What is Blind Baking?
Blind baking refers to the process of fully baking a pie crust without any filling. This technique is often used to create a crispy and firm crust before adding a filling, especially for no-bake pies or those with fillings that might cause the crust to become soggy. Line with parchment paper or foil and fill with weights, such as dried beans or rice, to prevent puffing. The crust is then fully baked until it’s golden brown.
We mentioned instant pudding, but it does have its use in some pie applications where a bit of extra stability is needed. For instance, in this recipe, the whipped cream is stabilized by a small box of cheesecake instant pudding. There are many options available for all-natural instant pudding. It keeps the whipped cream from melting as quickly on hot days. Instant pudding also adds an extra layer of flavor to this already remarkably delicious pie.

In this recipe, we use one prepared pie crust shell. You can find the in-depth tutorial here.
Old-Fashioned Banana Cream Pie
Panhandle’s Perfect Pie Crust
½ cup very cold butter
1 ½ cups Panhandle Milling All-Purpose Flour
½ tsp. salt
¼ cup very cold vegetable shortening
3 Tbsp ice water
1 Tbsp white balsamic vinegar
1 cup white chocolate chips (for after baking)
Custard Filling
3 cups whole milk
½ cup white sugar
½ cup Panhandle Milling All-Purpose Flour
1⁄4 teaspoon salt
3 egg yolks, slightly beaten
¼ cup butter
1 tsp. vanilla bean paste (or extract)
6 bananas, ripe but not brown
Whipped Cream Cheese Topping
1 small box of cheesecake instant pudding (naturally flavored)
3 cups of cold heavy cream
Directions:
Prepare the Pie Dough
- Dice the butter and return it to the refrigerator while you prepare the flour mixture. Place the flour and salt in the bowl of a mixer fitted with a paddle and pulse a few times to mix. Add the butter and shortening. Mix for 2-3 minutes until the fat is the size of peas.

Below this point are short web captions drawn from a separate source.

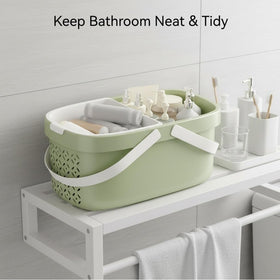 Large-capacity bathroom storage basket keeps shampoos neatly arranged.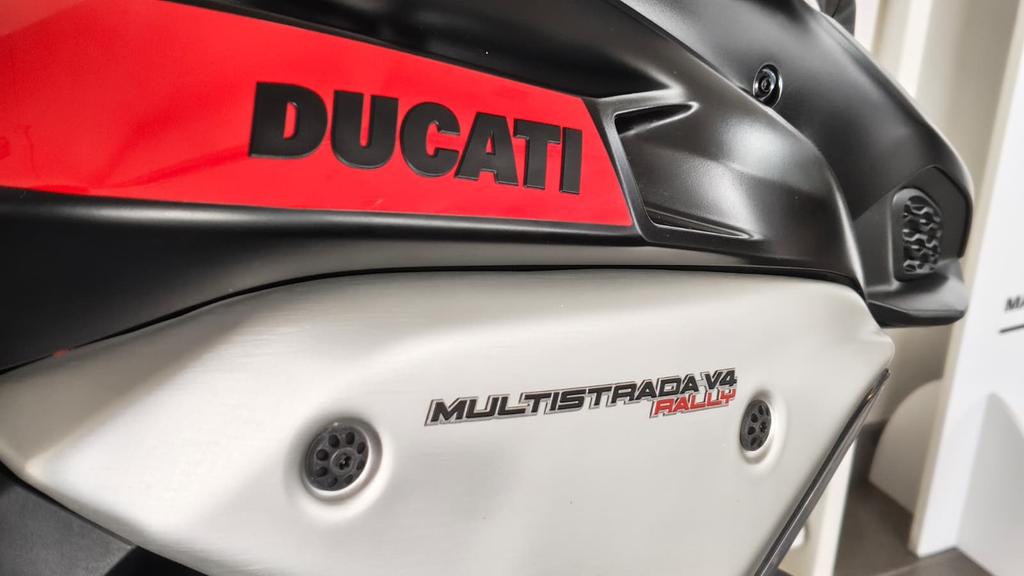 MULTISTRADA V4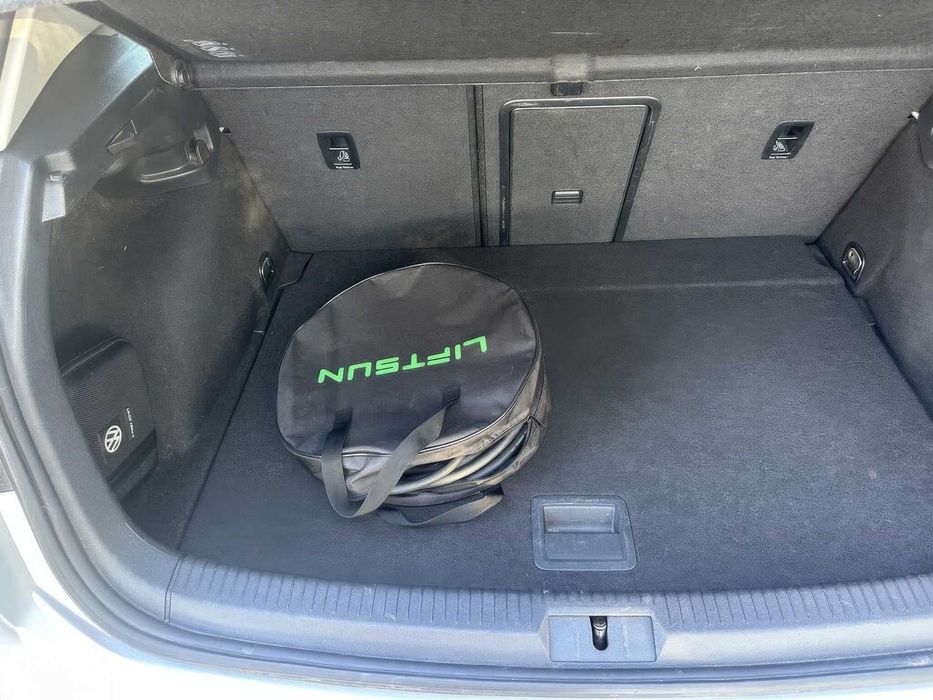 Volkswagen E-Golf      2016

- With the machine running, slowly pour the ice water and vinegar into the mixer until the dough begins to form a ball.
- Dump out on a floured board and roll into a ball.
- Wrap the ball in plastic wrap and refrigerate for 30 minutes.
- Roll out a well-floured board into a circle, rolling from the center to the edge, turning, and flouring the dough to prevent it from sticking to the board. The circle should be about 12 inches.
- Transfer the rolled-out dough to a 9-inch pie plate and crimp the edges.
Bake The Crust
- Prepare to blind bake the crust. Line the surface of the crust with a 10-inch circular piece of parchment paper. Cover the top of the parchment paper with 2 cups of pie weights or dry beans. Blind bake the crust at 425°F for 22-25 minutes, until it is a deep golden brown.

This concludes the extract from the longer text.